The resulting ordinalInput will be equivalent to having created the following input:

var input = new Array();
input['label'] = new Array(); 			input['x'] = new Array();	input['y'] = new Array();
input['label'][0] = '2012-03-01';		input['x'][0] = 1;		input['y'][0] = 0.5;
input['label'][1] = '2012-03-01';		input['x'][1] = 2;		input['y'][1] = 1.6;	
input['label'][2] = '2012-03-01';		input['x'][2] = 3;		input['y'][2] = 4.5;
input['label'][3] = '2012-03-01';		input['x'][3] = 4;		input['y'][3] = 7.6;
input['label'][4] = '2012-03-01';		input['x'][4] = 5;		input['y'][4] = 10.1;

Lyric can then use the ordinal x values to more efficiently compute the regression. Note that if you do use this, you need to ordinalize both the input provided to build the model AND the input the model is applied.

Implementation

Lyric uses the Normal Equation (closed form) to build the linear model. You can read more about the Normal Equation here: http://mathworld.wolfram.com/NormalEquation.html

This does introduce the limitation that Lyric will not work on input data that produces a non-invertible matrix when multiplied by its transpose.
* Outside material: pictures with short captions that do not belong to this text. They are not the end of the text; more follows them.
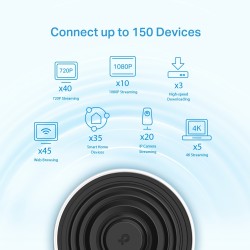 MESH TP-LINK, wireless, router AX3600, pt interior, 3600 Mbps, port LAN, WAN, 2.4 GHz | 5 GHz, antena interna x 4,Wi-Fi 6 standa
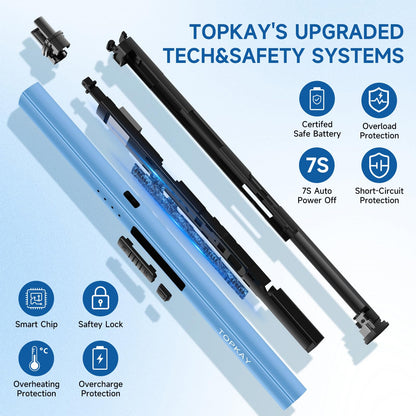 TOPKAY Electric Lighter Candle Lighter Windproof Flameless USB Rechargeable Plasma Arc Long Lighter for Grill Firework Kitchen Camping (Lake Blue)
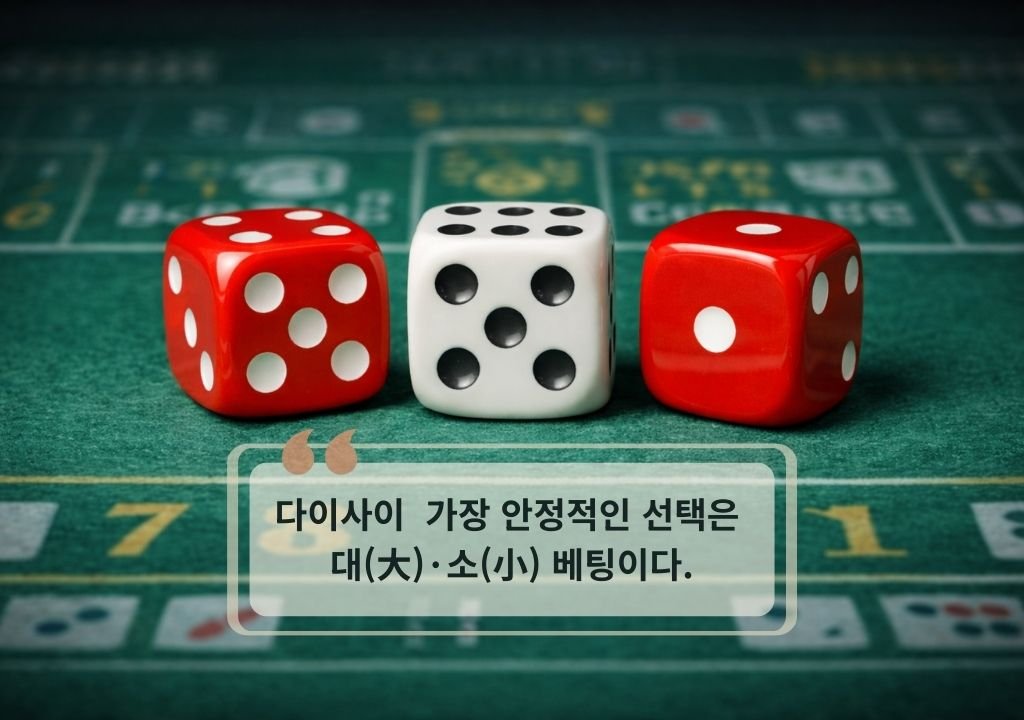다이사이 안전한 베팅 결론을 상징하는 대·소 주사위 이미지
A full breakdown on Lyric is available here: http://tech.flurry.com/lyric-linear-regression-in-pure-javascript

License

Copyright 2012 Flurry, Inc. (http://flurry.com) - modifications 2013 Sean Byrnes

Licensed under the Apache License, Version 2.0 (the "License"); you may not use this file except in compliance with the License. You may obtain a copy of the License at

http://www.apache.org/licenses/LICENSE-2.0

Unless required by applicable law or agreed to in writing, software distributed under the License is distributed on an "AS IS" BASIS, WITHOUT WARRANTIES OR CONDITIONS OF ANY KIND, either express or implied. See the License for the specific language governing permissions and limitations under the License.